Can You Compare Employees to Inventory?

I won’t discuss this from a moral point of view. I pose this question because I try to provoke new thoughts on lean and foresighted people management.

A Little Theory (bear with me)

A Warehouse with Inventory

A Warehouse with Inventory

Why does a retailer need inventory? To reduce the lead time from the order until the product has reached the customer. You don’t want to wait for the cow to be milked when you go out to buy a yoghurt.

Since inventory invokes costs such as space, management, raw materials, you will want to have an inventory that is always as low as possible. But at the same time not too low because else the customer would need to wait for too long and switch to your competitor. 

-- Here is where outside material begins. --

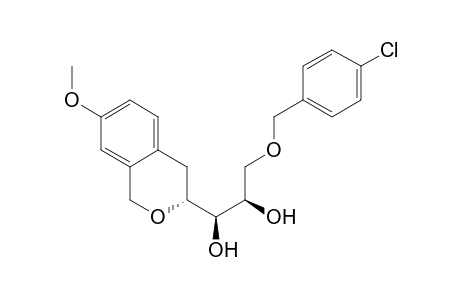 (3R)-3,4-dihydro-3-[(1R,2R)-1,2-dihydroxy-3-[(4-chlorobenzyl)oxy]propyl]-7-methoxy-1H-2-benzopyran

The Similarities of Employees and Inventory

At my university, we had a discussion that a mere service provider does not have any inventory costs. In a physical sense – that’s true. But the amount of people you have at any specific point of time has similar characteristics to the amount of inventory:

  • You shouldn’t have too few because you would have customers waiting for outcomes. You shouldn’t have too many due to the costs. You see a similar fluctuation during times of recession in professional service agencies and manufacturers.
  • Better employees deliver a unit of output faster to the customer (those are the closer warehouses), worse or newer employees need more time to deliver a unit of output to the customer (warehouses farther away). The more central a warehouse is located (the better an employee), the more expensive.
  • You can either store the inventory yourself (full-time employees) or you have a supplier who stores it for you (contractors). The first means more bound capital but at the same time it’s reliable and you know exactly what you got and what quality you sell. Secondly, you don’t have a risk of losing your customer to your supplier.

The Difference: Storage Time Improves the Product

The main difference, however, is that physical inventory can not improve while it is being stored. Free time of employees that can’t be billed to a project can be used more effectively – such as the 20% rule of Google. You can improve the knowledge or the creative output of the employee. He will become more productive. 

The down side is that the best employees will most probably be always be fully booked, and thus, can not increase their knowledge since they don’t have any free time to do so. Here’s the difference to the before mentioned Google approach: Google’s rule holds up irrespective of the amount of work that needs to be done. And they have made quite a nice PR effect with that story – even increased their sales due to innovation. While lean people management seems more cost effective in the short-term since you try to reduce non-billable time (see my share price idea in an earlier blog post), the contrary (investing in your core competency: knowledge) may increase the amount of sales and enhance your innovation potential and your image.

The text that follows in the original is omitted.